22. Highlight irrelevant information in scientific papers and "cc:" them to your boss.
23. Make beeping noises when a large person backs up.
24. Invent nonsense computer jargon in conversations, and see if people play along to avoid the appearance of ignorance.
25. Erect an elaborate network of ropes in your backyard, and tell the neighbors you are a "spider person."
26. Finish all your sentences with the words "in accordance with the prophesy."
27. Wear a special hip holster for your
28. Do not add any inflection to the end of your sentences, producing awkward silences with the impression that you'll be saying more any moment.
29. Signal that a conversation is over by clamping your hands over your ears.
30. Disassemble your pen and "accidentally" flip the ink cartridge across the room.
31. Give a play-by-play account of a persons every action in a nasal Howard Cosell voice.
32. Holler random numbers while someone is counting.
33. Adjust the tint on your TV so that all the people are green, and insist to others that you "like it that way."
34. Drum on every available surface.
35. Staple papers in the middle of the page.
36. Ask 1-800 operators for dates.
37. Produce a rental video consisting entirely of dire FBI copyright warnings.
38. Sew anti-theft detector strips
into peoples backpacks.
39. Hide dairy products in inaccessible places.
40. Write the surprise ending to a novel on its first page.
41. Set alarms for random times.
42. Order a side of pork rinds with your filet mignon.
43. Instead of Gallo, serve Night Train next Thanksgiving.
44. Publicly investigate just how slowly you can make a "croaking" noise.
45. Honk and wave to strangers.
46. Dress only in clothes colored Hunters Orange.
47. Change channels five minutes before the end of every show.
48. Tape pieces of "Sweating to the Oldies" over climactic parts of rental movies.
49. Wear your pants backwards.
50. Decline to be seated at a restaurant, and simply eat their complimentary mints by the cash register.

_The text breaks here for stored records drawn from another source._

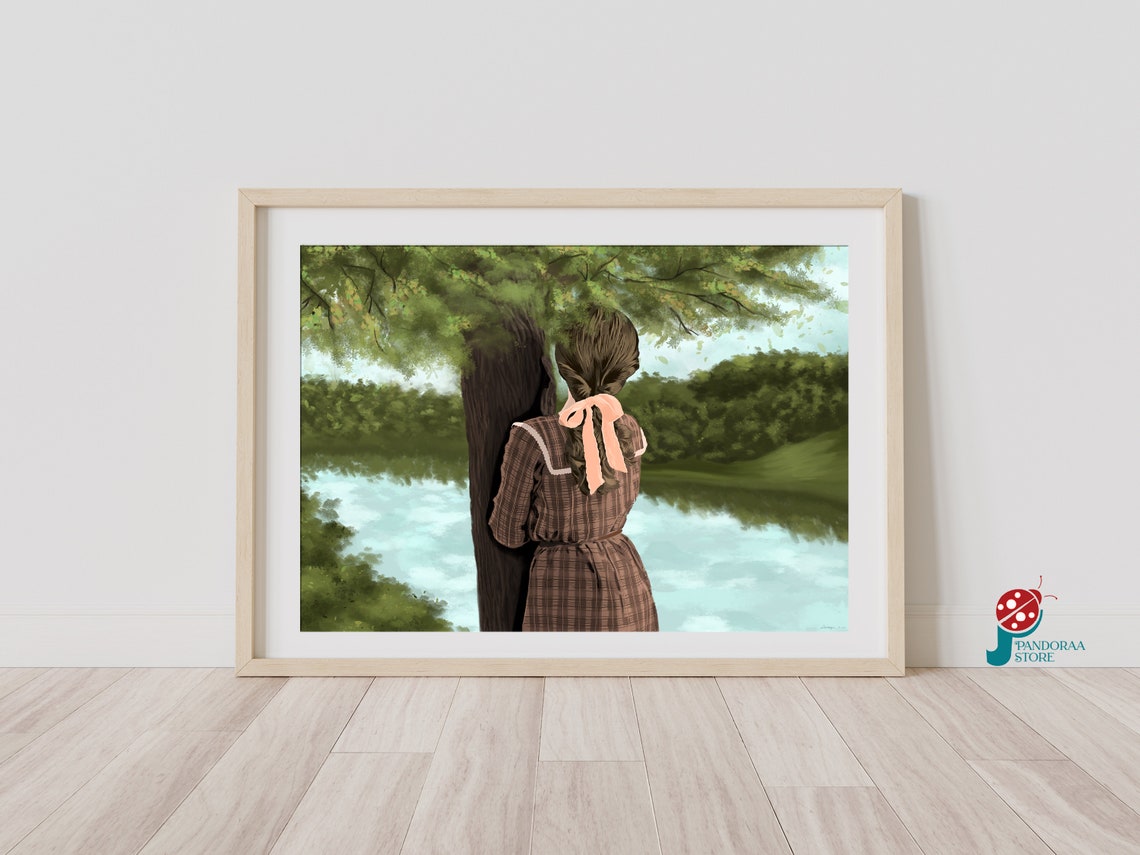 Girl And Lake Wall Art Forest Landscape Wall Decor Jpg Modern Art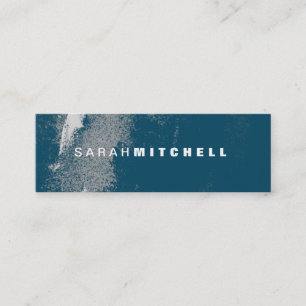 Affärskort - Teal & White Grunge Monogram Mini Visitkort
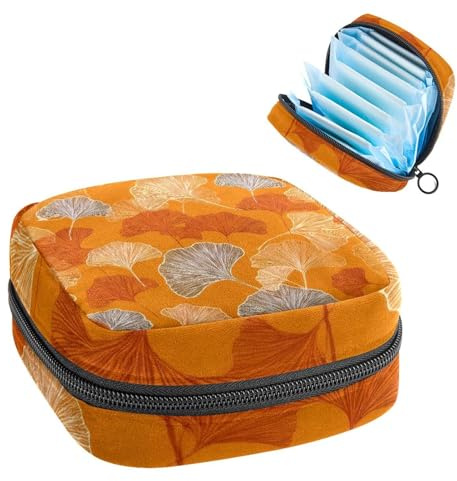 Sanitary Napkin Storage Bag, Yellow Ginkgo Leaves on Orange Background Portable Menstrual Pad Bag, Panty Liners Tampons Sanitary Pads Storage Holder for Women School Office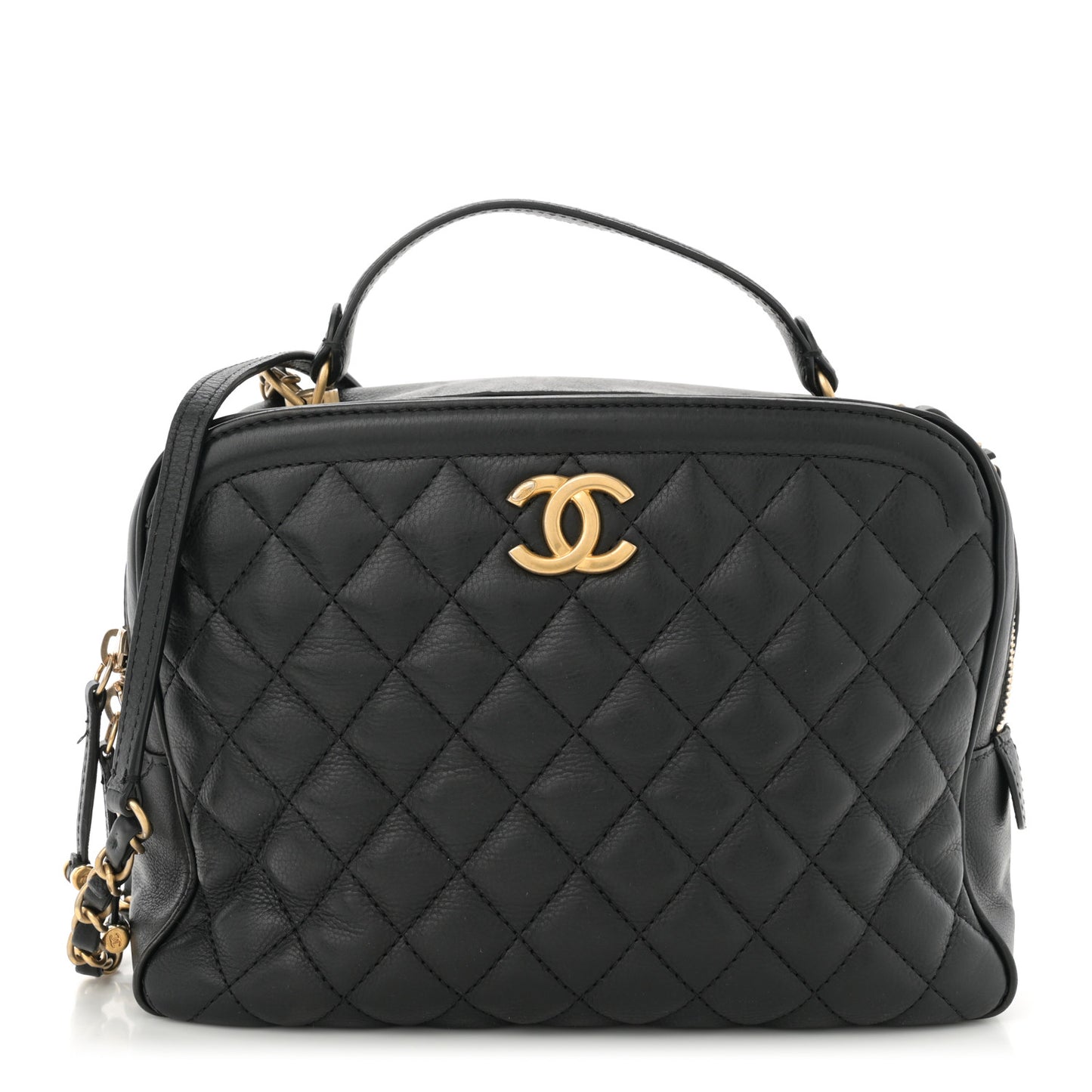 Calfskin Quilted CC Medium Vanity Case Black
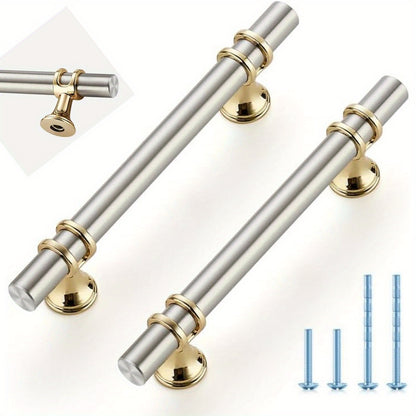 Hardware 7.38 Inch Brushed Nickel&Gold Cabinet Pulls Handles Kitchen Cabinet Handles Drawer Pulls Kitchen Cabinet Hardware Dresser Cupboard Handles Dresser Drawer Pulls 5 Inch CC, Kitchen Cupboard Handles, Cupboard Handles An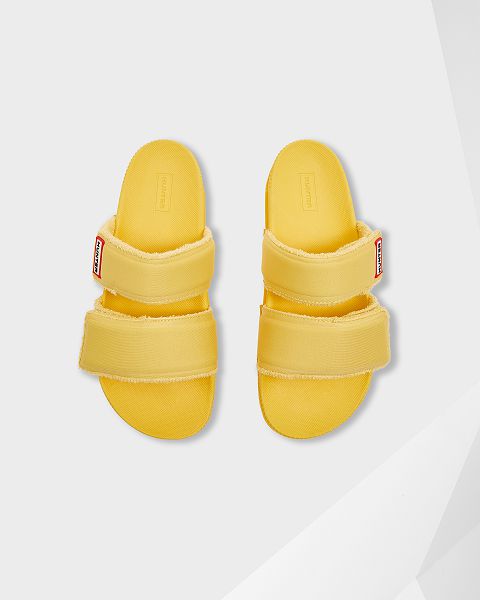 Yellow Hunter Double Strap Women\'s Slides | Ireland-59746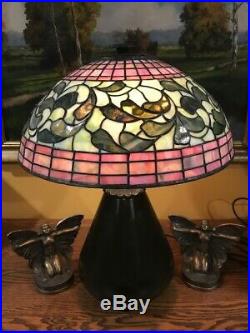Bradley Hubbard Arts Crafts Leaded Vintage Slag Glass Lamp Tiffany Handel Era NR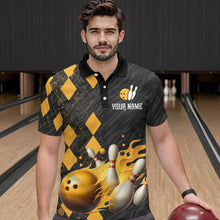 Load image into Gallery viewer, Flame Yellow Bowling Team Shirt Custom Bowling Jersey for Men Women Flame Polo Shirt QZT679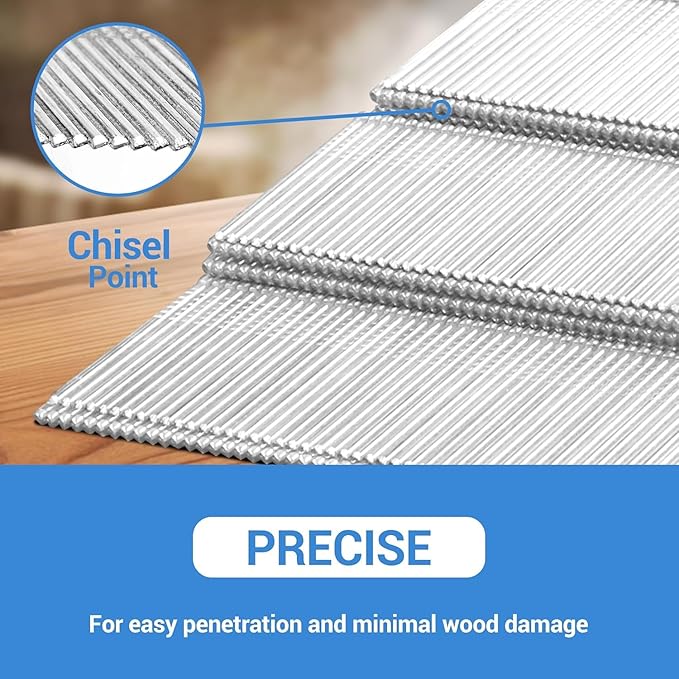 meite 15 Gauge 34 Degree Angled Finish Nails, 1-1/2 Inch Leg Galvanized No-rust Finishing Nails for Nailer Gun, Glue-Collated Trim Nails for Baseboard Crown Cabinet Window Molding, 2 Boxes x 2,000PCS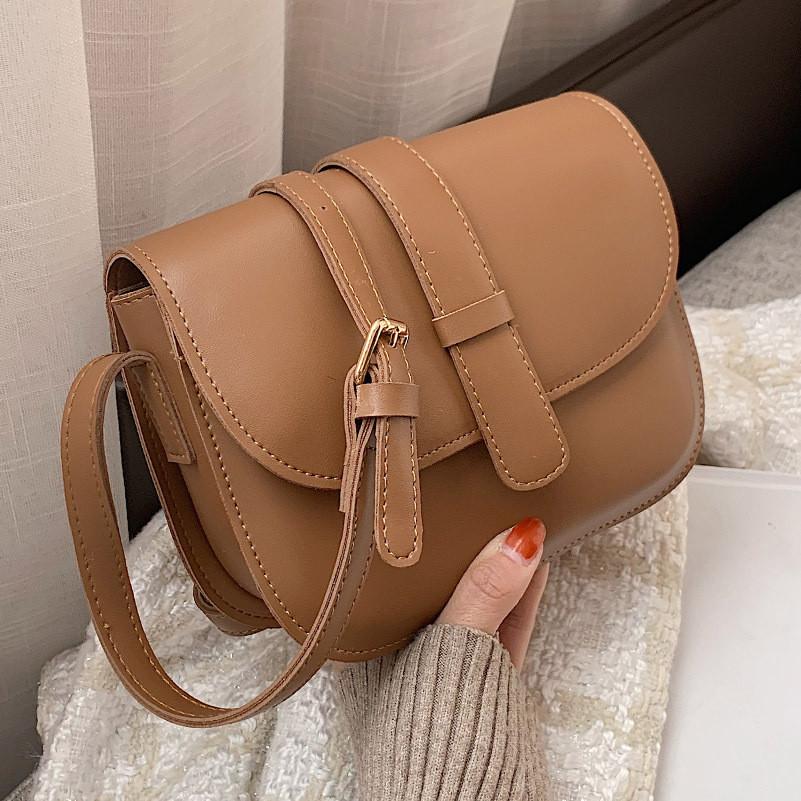 IELGY Texture Trendy Fashion Retro Messenger Bag All-Match Simple Saddle Bag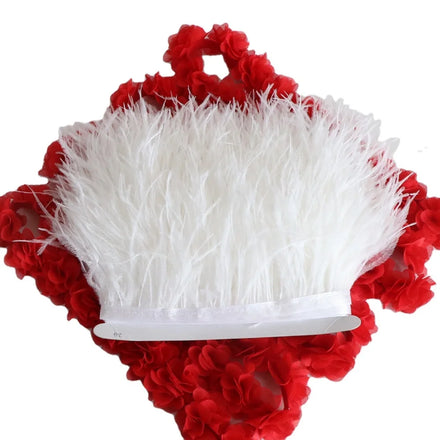 8-10cm Ostrich Feather Lace Fabric Trimming 55 Colors Natural Ostrich Feathers Fringe Dyed Cheap Accessory for Clothing Design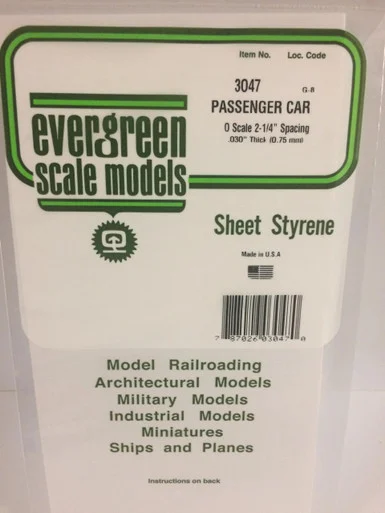 Evergreen Styrene Passenger Car Siding - O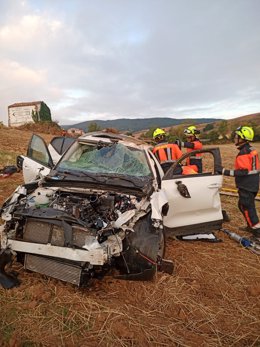 Archivo - Accidente de tráfico en Berceo (La Rioja)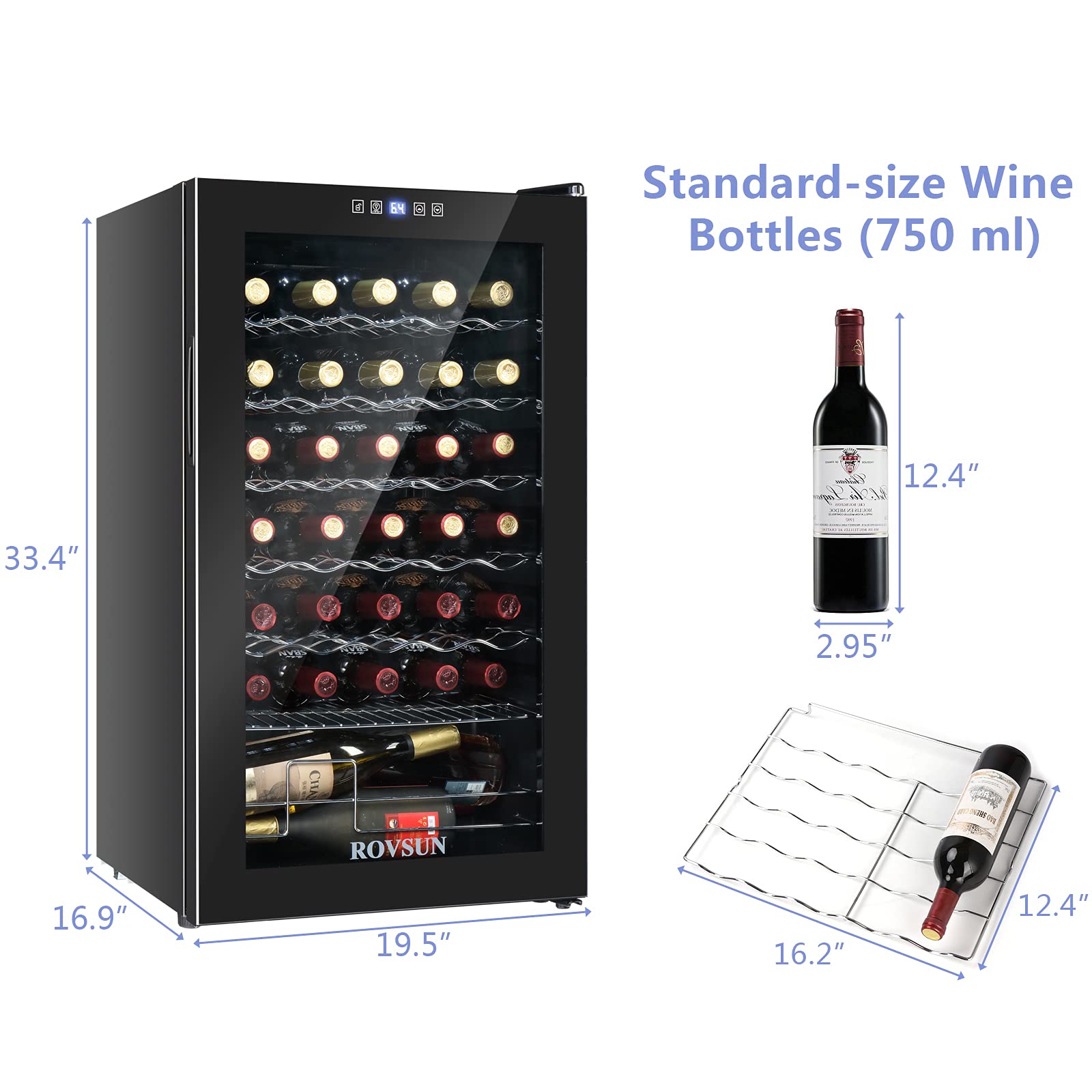 ROVSUN 34 Bottle Wine Cooler Refrigerator - Freestanding Compressor Wine Chiller with Digital Temperature Control & Double-Layer Glass Door - Perfect for Red Wine, White Wine, Champagne, and Beer Storage - Ideal for Home Bars, Restaurants, and Entertaining Guests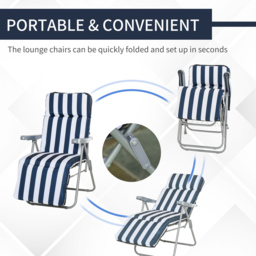 Outsunny Set of 2 Blue and White Recliner Sun Loungers - Size: 1 Seater - Wilko - thumbnail 7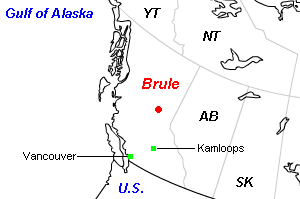 Brule石炭鉱山周辺地図
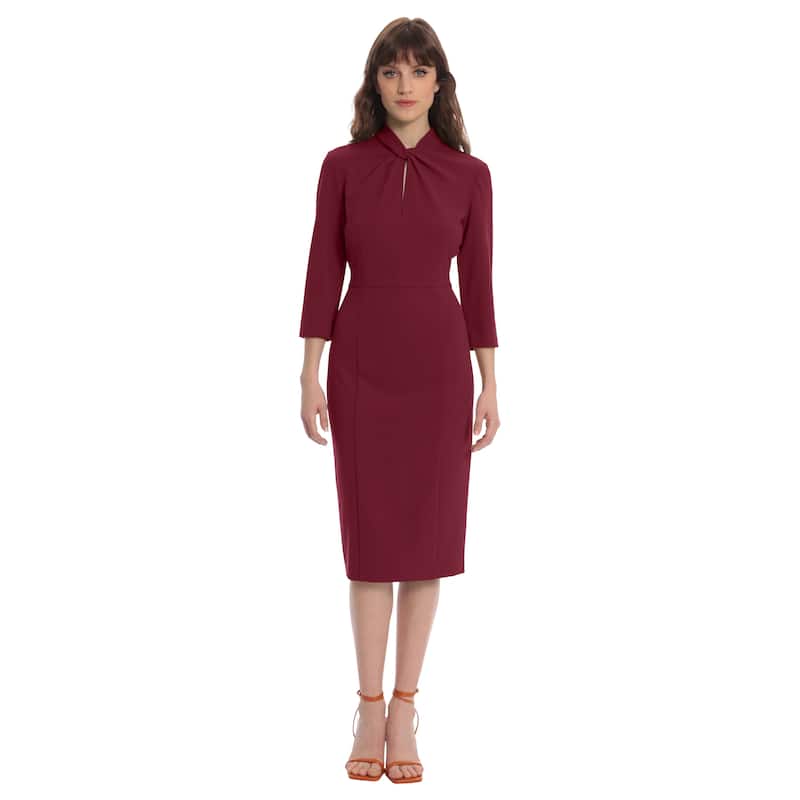 Donna Morgan Twisted Neck Sheath Dress - Artsburg - 14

51. Begin all your sentences with "ooh la la!"
52. ONLY TYPE IN UPPERCASE.
53. only type in lowercase.
54. dont use any punctuation either
55. Buy a large quantity of orange traffic cones and reroute whole streets.
56. Pay for your dinner with pennies.
57. Tie jingle bells to all your clothes.
58. Repeat everything someone says, as a question.
59. Write "X - BURIED TREASURE" in random spots on all of someone's roadmaps.
60. Inform everyone you meet of your personal Kennedy assassination/UFO/ O.J Simpson conspiracy theories.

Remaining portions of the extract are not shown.